【記事概要】 AI時代の働き方改革における衝撃的な経営判断として、カナダ発のEC企業Shopifyが提示した新たな人材採用の基準が話題となっています。同社CEOが全社員に向けて発したのは、「その仕事はAIにできない理由をまず証明せよ」という強いメッセージ。この指針のもと、AIに置き換え可能な業務はAIに任せ、人的リソースはAIでは代替不可能な付加価値の高い業務に集中させるというポリシーが全社方針として示されました。
この記事ではShopifyの革新的な取り組みがどのようにDX(デジタル・トランスフォーメーション)と人材戦略に影響を与えるかを深掘りします。AGIやASIといった超知性AIの登場を見据えた時代に、企業が採るべき働き方の方針、採用基準の在り方、そして教育・研修の方向性について、豊富な実例とともに解説していきます。
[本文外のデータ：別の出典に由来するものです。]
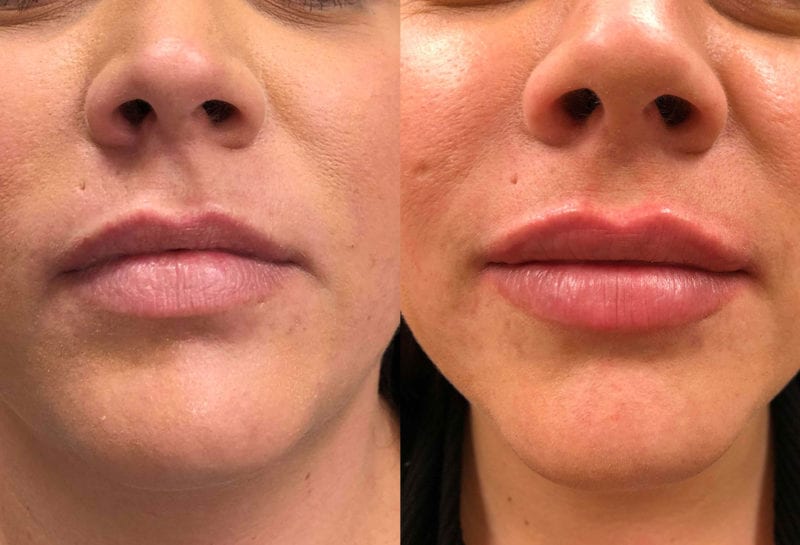 Lip Filler in Joplin, MO at Maningas Cosmetics Surgery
マインドセットの転換と生成AIの活用を前提にした「ビヨンドDX」な思考が求められるいま、経営者や人材開発担当者が押さえるべき新基準とは何か?ECとAIの共存から見える未来の働き方と、その鍵を握るマインドチェンジ、スキルチェンジについて整理します。
目次
- 【本文】
- Shopifyの衝撃的な経営方針と“採用よりAI”という選択
- 採用は「AIにできないこと」に絞る時代へ
- ビヨンドDX:もはや「導入」ではなく「前提」の時代
- 事例: Shopifyが採用基準にAI前提を導入した背景
- 日本企業はこの潮流にどう向き合うべきか?
- 事例: QRコード技術の無償公開に見る社会的連携 H3段落
- AIを活用できる人材が企業の未来を左右する
- まとめ(企画書のネタ):採用よりAIという概念をどう活用するか
- さいごに
- 【音声配信】
- 【著者紹介】
【本文】
AI時代の人材採用に問われる「付加価値」とは何か?
こんにちは、IT・DX教育サービスの株式会社サートプロ 近森満です。
www.certpro.jp/blogs/dx_chikamori/
当社では「DX推進人材教育プログラム」として初回無料のオンラインによるコンサルティングを提供しています。DX推進や人材育成のご相談をお待ちしています。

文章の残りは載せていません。